La miré. Entrecerré los ojos para que ese muslo, esa pantorrilla, ese pie
maravilloso, continuasen ocurriendo y prolongándose en la brevedad de ese
segundo. Entonces la frase extraviada de algún libro reciente rebotó en mis
sienes: «Uno puede vivir para una imagen».
Lo comenté con Enrique cuando lo llevaba hasta su apartamento. Brincó
lleno de euforia y me obligó a parar en una licorería. Compró tres botellas
de Leche de la Mujer Amada y me las obsequió. «Para que te las bebas con
ella esta noche, hermano. Alguien que se casa para preservar un instante
merece emborracharse con algo y con alguien especial.»
Conmovido llegué hasta la cena. Rostros familiares. Alguna pareja
desconocida. Después de varias ensaladas la noticia del trabajo y del
posterior matrimonio fue ruidosamente celebrada. Fingí una sonrisa para
que nadie se ofendiese y resignado soporté las bromas que se recitan en
estas ocasiones.
En algún momento vi abiertas las tres botellas que me regaló Enrique para
que bebiese con mi novia y cuando pregunté por el autor de semejante
proeza la respuesta fue una risotada.
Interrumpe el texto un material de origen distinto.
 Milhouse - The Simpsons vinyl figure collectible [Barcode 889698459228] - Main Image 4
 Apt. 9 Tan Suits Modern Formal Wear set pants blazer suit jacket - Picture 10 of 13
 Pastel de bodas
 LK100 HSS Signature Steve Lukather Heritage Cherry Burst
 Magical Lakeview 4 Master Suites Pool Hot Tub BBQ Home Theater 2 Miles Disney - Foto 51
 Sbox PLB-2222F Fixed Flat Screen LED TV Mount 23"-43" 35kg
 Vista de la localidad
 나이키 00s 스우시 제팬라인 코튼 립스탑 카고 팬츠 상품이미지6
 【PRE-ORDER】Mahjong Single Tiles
Algo ardió en mis sienes. En una de
las botellas quedaba un pequeño fondo y lo derramé sobre una begonia que
cuidaba con esmero la madre de Marilyn.
Después me marché al baño. Unos diez minutos, como siempre. Limpié mis
intestinos al ritmo de las noticias de farándula y cuando regresé había una
invisible tensión recorriendo la atmósfera. Marilyn se me acercó y me llevó
a una esquina tomado del brazo. «¿No puedes esperar a llegar a tu casa?
Siempre que salimos te desapareces en el baño. Me avergüenzas con la
gente.» Respiré hondo. Conté hasta quince y con palabras muy lentas le
expliqué que jamás se deben aguantar las ganas. «Sai Baba dice que hay
que ir tres veces al día. Las mismas que uno come. Además, una de las
causas del cáncer de colon es no hacer pupú a las horas.»
Marilyn no me habló el resto de la noche. Sonreída y gentil con las demás
personas, sus ojos nunca se detuvieron a mirarme, igual que si yo me
hubiese transformado en una protuberancia de la silla.
Antes de irnos, mi suegro ofreció para el fin de semana uno de sus
prodigiosos mondongos pero nadie lo escuchó pues mi suegra gritaba por la
repentina muerte de su adorada begonia.